[Instructions for the task]: After locating the line that contains "Vista en ángulo" in the records below, write out exactly that line and each line after it through the one that contains "Navy Ordnancemen Making Bombs & Loading", and nothing else.

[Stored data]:
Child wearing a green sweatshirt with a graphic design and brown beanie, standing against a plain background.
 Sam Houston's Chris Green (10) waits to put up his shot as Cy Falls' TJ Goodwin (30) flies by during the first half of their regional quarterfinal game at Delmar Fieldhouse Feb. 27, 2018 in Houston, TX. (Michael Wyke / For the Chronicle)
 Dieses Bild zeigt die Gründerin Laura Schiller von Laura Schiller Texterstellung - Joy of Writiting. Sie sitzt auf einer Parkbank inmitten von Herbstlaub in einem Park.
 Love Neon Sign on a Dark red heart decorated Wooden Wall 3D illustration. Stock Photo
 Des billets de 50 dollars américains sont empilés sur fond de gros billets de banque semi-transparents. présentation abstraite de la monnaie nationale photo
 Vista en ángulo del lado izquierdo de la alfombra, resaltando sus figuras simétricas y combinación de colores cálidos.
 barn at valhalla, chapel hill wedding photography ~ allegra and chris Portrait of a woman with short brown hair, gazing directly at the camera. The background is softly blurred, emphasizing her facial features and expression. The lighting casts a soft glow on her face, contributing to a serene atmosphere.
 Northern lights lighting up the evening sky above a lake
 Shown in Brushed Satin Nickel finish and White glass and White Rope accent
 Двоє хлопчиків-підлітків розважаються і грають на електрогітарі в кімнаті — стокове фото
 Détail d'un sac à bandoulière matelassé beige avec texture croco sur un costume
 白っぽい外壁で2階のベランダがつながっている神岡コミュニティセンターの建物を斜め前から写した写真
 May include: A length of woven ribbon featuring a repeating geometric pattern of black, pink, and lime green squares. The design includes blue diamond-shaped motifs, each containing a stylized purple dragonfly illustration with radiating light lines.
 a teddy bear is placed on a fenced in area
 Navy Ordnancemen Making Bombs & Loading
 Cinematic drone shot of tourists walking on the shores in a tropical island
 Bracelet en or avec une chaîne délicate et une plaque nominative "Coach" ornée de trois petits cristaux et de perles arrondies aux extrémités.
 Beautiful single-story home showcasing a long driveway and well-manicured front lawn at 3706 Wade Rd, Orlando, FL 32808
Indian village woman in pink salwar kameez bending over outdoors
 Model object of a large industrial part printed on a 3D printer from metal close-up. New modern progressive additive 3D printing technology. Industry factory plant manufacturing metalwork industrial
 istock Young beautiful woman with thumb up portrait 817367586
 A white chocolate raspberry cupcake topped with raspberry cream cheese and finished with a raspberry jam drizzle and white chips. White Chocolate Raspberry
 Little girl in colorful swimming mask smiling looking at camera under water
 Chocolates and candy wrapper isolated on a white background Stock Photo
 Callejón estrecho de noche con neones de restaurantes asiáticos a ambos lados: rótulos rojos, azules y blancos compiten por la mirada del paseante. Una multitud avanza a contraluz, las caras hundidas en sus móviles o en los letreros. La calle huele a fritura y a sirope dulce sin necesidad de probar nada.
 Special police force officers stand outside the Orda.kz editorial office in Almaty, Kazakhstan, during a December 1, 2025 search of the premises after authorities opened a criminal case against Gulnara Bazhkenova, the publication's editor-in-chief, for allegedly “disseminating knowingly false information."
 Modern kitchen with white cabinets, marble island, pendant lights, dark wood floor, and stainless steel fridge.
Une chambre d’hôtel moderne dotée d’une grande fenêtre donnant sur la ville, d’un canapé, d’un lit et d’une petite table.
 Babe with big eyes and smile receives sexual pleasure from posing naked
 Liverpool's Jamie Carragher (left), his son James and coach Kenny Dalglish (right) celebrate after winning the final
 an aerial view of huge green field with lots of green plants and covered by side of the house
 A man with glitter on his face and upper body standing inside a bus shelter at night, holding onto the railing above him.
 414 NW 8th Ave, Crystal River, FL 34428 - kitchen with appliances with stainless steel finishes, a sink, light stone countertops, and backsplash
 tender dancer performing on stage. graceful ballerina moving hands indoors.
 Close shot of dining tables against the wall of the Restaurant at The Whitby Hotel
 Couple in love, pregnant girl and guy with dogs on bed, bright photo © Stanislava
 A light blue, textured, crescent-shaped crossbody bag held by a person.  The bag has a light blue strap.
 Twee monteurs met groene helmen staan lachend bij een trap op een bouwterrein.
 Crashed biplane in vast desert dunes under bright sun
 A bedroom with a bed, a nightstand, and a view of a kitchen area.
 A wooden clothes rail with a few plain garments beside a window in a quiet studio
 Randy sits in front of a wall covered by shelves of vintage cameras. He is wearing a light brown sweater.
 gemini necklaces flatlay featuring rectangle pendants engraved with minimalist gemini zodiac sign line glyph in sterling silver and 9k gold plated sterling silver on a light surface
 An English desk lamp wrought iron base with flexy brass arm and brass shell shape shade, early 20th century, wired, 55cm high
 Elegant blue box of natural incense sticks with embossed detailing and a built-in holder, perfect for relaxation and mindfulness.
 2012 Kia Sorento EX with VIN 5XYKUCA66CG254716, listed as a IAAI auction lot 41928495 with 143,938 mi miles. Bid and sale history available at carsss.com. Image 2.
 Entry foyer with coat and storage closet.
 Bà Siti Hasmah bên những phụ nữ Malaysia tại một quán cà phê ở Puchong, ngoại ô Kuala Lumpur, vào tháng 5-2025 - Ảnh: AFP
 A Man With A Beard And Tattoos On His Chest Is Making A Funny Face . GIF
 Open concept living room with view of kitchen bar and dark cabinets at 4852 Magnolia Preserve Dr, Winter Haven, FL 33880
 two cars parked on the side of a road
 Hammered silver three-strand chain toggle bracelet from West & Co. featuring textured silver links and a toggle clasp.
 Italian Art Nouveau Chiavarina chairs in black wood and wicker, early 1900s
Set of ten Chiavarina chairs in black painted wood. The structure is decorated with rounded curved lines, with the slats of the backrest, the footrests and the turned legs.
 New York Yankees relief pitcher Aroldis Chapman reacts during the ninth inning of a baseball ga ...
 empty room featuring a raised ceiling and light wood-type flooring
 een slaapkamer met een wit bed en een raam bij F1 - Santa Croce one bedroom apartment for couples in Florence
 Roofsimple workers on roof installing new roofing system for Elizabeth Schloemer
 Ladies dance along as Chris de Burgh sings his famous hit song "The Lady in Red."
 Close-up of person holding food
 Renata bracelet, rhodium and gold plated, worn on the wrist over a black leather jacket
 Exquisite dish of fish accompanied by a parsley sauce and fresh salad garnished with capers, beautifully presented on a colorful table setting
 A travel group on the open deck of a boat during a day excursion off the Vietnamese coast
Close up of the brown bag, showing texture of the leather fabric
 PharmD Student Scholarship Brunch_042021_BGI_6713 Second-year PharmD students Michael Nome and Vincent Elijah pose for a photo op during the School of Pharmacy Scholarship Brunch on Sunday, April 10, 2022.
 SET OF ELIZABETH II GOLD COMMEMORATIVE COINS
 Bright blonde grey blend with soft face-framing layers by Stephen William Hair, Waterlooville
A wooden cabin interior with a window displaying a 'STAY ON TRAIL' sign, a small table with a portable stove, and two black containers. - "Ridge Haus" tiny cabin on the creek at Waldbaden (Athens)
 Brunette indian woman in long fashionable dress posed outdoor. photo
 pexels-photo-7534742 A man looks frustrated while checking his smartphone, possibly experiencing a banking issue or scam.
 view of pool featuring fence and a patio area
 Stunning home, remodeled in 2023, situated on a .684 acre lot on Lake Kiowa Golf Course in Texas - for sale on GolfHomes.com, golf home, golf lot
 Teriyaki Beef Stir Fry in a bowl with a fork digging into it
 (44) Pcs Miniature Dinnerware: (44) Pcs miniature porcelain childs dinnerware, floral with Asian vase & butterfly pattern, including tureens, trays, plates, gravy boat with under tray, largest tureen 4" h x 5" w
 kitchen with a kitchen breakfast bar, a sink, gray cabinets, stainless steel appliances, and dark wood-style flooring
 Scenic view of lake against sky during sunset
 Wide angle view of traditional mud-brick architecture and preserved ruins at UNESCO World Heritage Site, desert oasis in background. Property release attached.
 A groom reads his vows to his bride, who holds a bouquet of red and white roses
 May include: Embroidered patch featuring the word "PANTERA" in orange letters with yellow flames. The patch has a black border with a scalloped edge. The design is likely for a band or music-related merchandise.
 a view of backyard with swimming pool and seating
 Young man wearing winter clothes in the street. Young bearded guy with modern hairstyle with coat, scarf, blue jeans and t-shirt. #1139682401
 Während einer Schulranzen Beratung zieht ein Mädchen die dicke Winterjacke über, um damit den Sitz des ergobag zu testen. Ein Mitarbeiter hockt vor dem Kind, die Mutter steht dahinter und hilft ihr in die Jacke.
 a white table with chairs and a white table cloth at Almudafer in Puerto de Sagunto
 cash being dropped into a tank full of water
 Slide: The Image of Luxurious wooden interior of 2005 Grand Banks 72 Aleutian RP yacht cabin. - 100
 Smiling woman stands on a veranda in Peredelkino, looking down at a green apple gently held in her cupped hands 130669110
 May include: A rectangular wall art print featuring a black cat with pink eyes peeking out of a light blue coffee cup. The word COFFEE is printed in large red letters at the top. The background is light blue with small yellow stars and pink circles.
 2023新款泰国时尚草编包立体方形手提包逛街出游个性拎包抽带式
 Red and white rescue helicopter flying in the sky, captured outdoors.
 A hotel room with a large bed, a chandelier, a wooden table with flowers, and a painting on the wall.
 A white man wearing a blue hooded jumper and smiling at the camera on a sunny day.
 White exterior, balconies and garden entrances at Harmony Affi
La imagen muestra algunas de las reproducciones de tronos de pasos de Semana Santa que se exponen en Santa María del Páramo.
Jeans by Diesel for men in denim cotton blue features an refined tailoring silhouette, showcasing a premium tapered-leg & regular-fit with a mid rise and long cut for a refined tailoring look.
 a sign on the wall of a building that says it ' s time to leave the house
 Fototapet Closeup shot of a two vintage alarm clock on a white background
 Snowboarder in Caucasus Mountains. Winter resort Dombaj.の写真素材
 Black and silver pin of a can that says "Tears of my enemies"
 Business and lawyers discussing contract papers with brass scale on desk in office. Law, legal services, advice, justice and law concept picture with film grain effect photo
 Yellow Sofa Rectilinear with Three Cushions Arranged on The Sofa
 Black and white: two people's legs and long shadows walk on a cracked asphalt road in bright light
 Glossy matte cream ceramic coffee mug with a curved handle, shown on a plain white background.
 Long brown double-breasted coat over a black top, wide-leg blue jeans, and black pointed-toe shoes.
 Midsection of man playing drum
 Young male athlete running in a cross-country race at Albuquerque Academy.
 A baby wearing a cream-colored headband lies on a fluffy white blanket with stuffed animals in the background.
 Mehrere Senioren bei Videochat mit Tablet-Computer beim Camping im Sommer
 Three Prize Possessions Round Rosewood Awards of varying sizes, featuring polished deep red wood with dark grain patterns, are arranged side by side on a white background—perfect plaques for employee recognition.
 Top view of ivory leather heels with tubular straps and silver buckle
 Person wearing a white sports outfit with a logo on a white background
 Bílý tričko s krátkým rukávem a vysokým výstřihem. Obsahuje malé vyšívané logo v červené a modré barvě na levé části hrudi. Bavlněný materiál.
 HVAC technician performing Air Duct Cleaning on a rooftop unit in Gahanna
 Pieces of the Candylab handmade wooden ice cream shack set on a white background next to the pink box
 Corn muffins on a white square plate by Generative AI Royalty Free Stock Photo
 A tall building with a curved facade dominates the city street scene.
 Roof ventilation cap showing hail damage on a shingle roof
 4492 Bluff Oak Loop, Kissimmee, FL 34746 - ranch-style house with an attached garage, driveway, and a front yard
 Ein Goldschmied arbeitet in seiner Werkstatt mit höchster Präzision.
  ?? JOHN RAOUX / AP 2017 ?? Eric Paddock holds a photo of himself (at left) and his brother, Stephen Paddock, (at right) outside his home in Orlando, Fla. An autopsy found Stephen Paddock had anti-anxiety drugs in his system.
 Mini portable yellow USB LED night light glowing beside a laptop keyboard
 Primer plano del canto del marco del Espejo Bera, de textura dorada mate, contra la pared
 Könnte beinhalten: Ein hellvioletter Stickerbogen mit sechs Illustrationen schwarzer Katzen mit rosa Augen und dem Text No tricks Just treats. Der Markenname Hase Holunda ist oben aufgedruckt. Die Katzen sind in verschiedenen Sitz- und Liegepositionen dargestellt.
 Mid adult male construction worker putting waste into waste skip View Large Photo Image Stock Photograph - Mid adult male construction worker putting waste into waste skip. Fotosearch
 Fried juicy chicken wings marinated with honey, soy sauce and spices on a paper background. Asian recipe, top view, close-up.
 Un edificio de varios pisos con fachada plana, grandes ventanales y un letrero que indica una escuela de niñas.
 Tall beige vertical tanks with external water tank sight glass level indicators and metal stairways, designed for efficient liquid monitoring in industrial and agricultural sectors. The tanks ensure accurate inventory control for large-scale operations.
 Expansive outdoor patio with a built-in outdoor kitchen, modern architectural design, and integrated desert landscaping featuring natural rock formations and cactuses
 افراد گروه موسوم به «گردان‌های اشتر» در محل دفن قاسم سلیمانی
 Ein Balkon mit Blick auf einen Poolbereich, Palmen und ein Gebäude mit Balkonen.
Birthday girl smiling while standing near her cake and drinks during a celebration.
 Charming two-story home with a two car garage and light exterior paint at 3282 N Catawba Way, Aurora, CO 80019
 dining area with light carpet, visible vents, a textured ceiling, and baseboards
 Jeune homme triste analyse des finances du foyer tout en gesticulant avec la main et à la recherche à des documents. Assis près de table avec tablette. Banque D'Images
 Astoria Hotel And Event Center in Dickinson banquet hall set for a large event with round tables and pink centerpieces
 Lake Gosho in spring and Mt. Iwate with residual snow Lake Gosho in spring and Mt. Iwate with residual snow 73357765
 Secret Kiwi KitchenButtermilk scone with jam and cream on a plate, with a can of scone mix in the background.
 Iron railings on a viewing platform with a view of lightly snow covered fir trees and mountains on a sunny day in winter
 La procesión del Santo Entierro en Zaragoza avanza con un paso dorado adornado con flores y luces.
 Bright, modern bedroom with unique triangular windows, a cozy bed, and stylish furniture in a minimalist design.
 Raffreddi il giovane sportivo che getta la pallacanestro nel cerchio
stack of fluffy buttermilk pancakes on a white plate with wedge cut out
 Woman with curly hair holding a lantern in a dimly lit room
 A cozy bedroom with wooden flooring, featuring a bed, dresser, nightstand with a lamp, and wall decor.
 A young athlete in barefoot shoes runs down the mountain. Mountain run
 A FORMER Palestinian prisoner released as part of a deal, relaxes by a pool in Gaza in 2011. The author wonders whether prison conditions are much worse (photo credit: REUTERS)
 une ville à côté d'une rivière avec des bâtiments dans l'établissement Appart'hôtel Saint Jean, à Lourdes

[Answer to this exercise]:
 Vista en ángulo del lado izquierdo de la alfombra, resaltando sus figuras simétricas y combinación de colores cálidos.
 barn at valhalla, chapel hill wedding photography ~ allegra and chris Portrait of a woman with short brown hair, gazing directly at the camera. The background is softly blurred, emphasizing her facial features and expression. The lighting casts a soft glow on her face, contributing to a serene atmosphere.
 Northern lights lighting up the evening sky above a lake
 Shown in Brushed Satin Nickel finish and White glass and White Rope accent
 Двоє хлопчиків-підлітків розважаються і грають на електрогітарі в кімнаті — стокове фото
 Détail d'un sac à bandoulière matelassé beige avec texture croco sur un costume
 白っぽい外壁で2階のベランダがつながっている神岡コミュニティセンターの建物を斜め前から写した写真
 May include: A length of woven ribbon featuring a repeating geometric pattern of black, pink, and lime green squares. The design includes blue diamond-shaped motifs, each containing a stylized purple dragonfly illustration with radiating light lines.
 a teddy bear is placed on a fenced in area
 Navy Ordnancemen Making Bombs & Loading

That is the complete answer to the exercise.